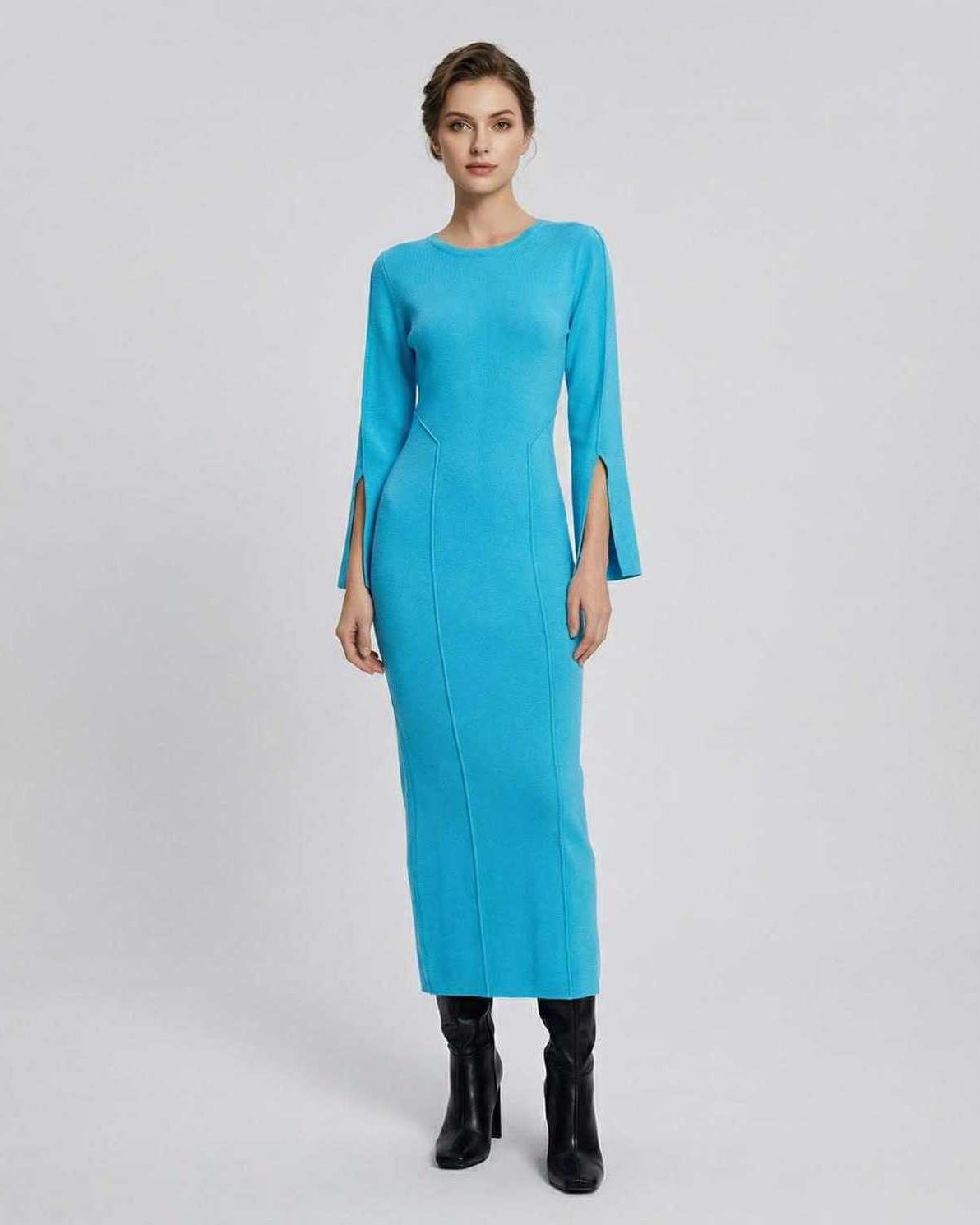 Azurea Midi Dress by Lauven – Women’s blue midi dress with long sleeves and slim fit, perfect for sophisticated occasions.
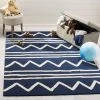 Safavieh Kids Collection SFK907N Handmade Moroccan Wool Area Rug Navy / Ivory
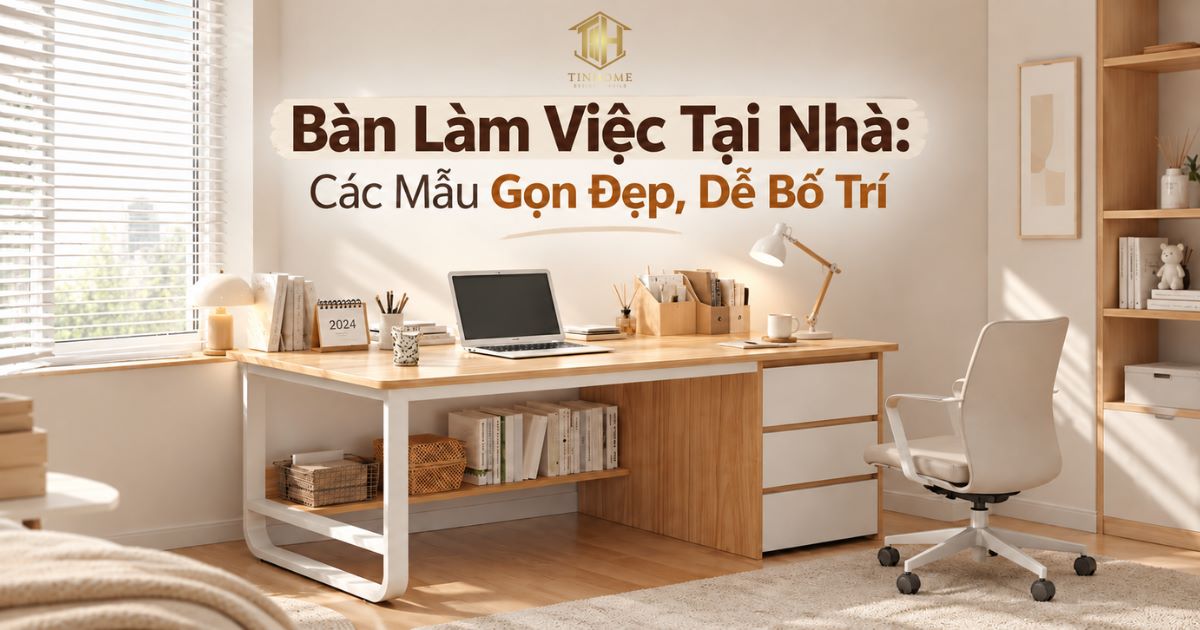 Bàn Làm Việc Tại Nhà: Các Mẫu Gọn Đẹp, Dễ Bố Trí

--

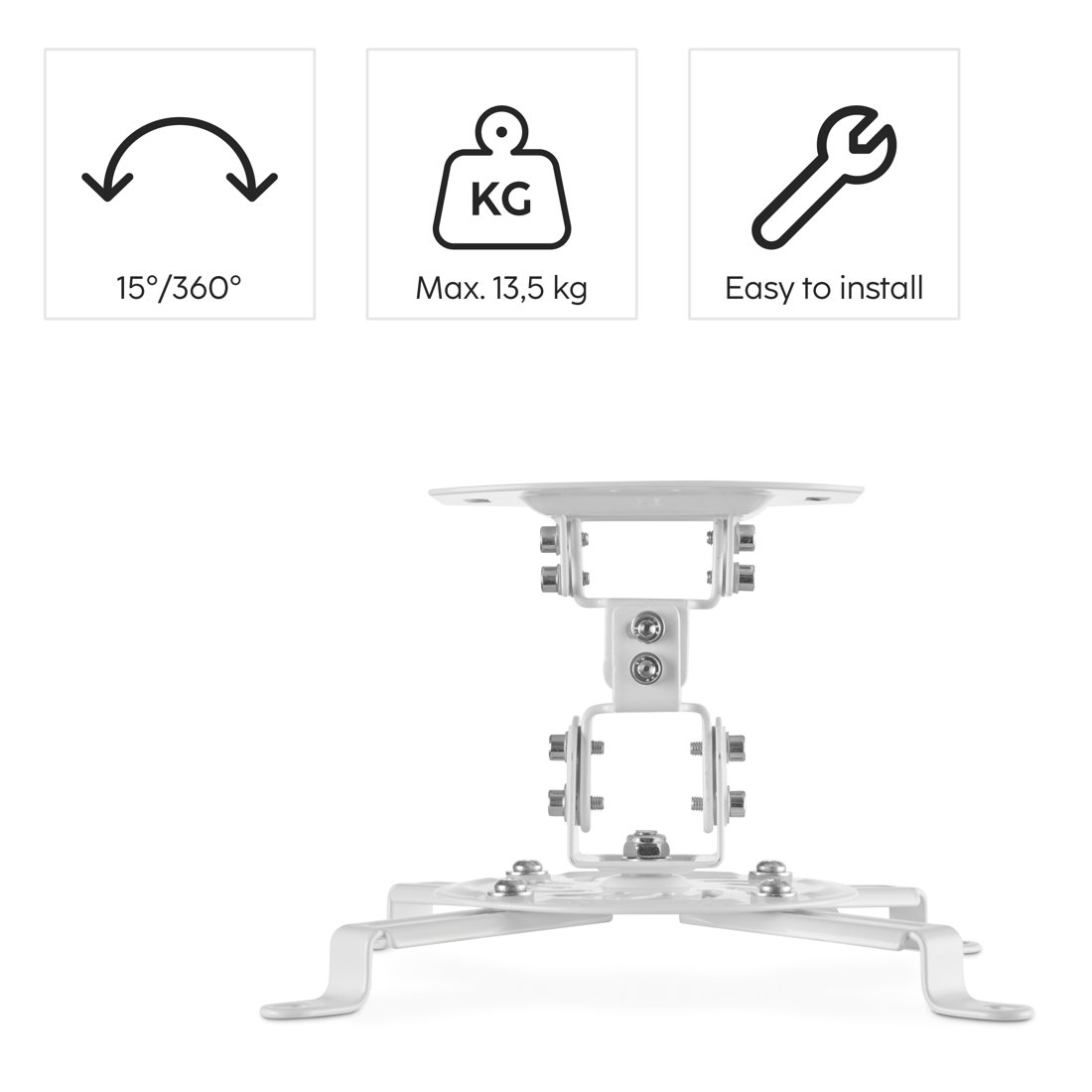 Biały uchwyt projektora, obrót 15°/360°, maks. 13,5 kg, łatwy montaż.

--

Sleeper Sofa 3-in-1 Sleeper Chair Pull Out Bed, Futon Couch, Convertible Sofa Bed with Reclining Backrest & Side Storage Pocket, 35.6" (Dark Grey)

◆ What to do:
Output exactly the lines above that lie between the line with "Safavieh Kids Collection" and the line with "Bàn Làm Việc", those two lines included, and no pictures.

◆ Result:
 Safavieh Kids Collection SFK907N Handmade Moroccan Wool Area Rug Navy / Ivory
 Bàn Làm Việc Tại Nhà: Các Mẫu Gọn Đẹp, Dễ Bố Trí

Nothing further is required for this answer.